Ancona policroma, che si svolge secondo i toni prevalenti del rosso e dell’oro, su doppie lesene colorate a corolle di fiori rossi sovrapposti e a piccoli ovali trasversi verdi poggiano mascheroni a volti rossicci e capelli dorati con frange nere legate da nastri d’oro e cariatidi sovrastanti in veste rossa; il coronamento a frontone è spezzato con al centro la figura del Padre Eterno benedicente, fra le nuvole, entro tempietto.
Pulpito in legno intagliato e policromo della prima metà del XIX secolo.
Confessionale, opera apprezzabile, in legno intagliato e intarsiato del XIX secolo.
Coro, opera di artigianato locale di fine XVIII secolo.
In verità molte sono le opere di culto conservate nella chiesa, ne ricordiamo soltanto qualche altra: un calice del 1488 donato da un Lusardi in onore della Vergine Maria, un Reliquiario di S. Fermo, un Ostensorio ambrosiano, un trono processionale, il Fonte battesimale di età romanica, una campana di forma cinquecentesca del 1602...

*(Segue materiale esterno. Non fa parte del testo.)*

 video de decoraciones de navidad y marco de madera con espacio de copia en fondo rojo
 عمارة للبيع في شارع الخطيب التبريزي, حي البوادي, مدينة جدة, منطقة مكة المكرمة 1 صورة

Infine ricordando le varie frazioni: Revoleto, Pursy, Casa Jaroli, Casa Ratti, Casa Botti e Selvola, va tenuto presente come in quest’ultima vi sia un bell’oratorio dedicato a S. Giovanni Battista. Inaugurato il 24 giugno 1931, vi si festeggia la Madonna della Guardia fin dal 29 agosto 1931 e vi si onora anche S. Teresina del Bambin Gesù dal 1933.
Le brevi memorie storiche tratte dal Chronicon e le varie opere di pregio custodite non sono che un segno della vitalità e dello spirito che animava pastori e fedeli di Drusco (come del resto anche quelli degli altri paesi). C’è da augurarsi che anche i fedeli dei nostri giorni conservino quello spirito che costituisce la base e la radice per costruire un futuro ugualmente ricco di opere e di valori, che danno un senso più pieno alla vita.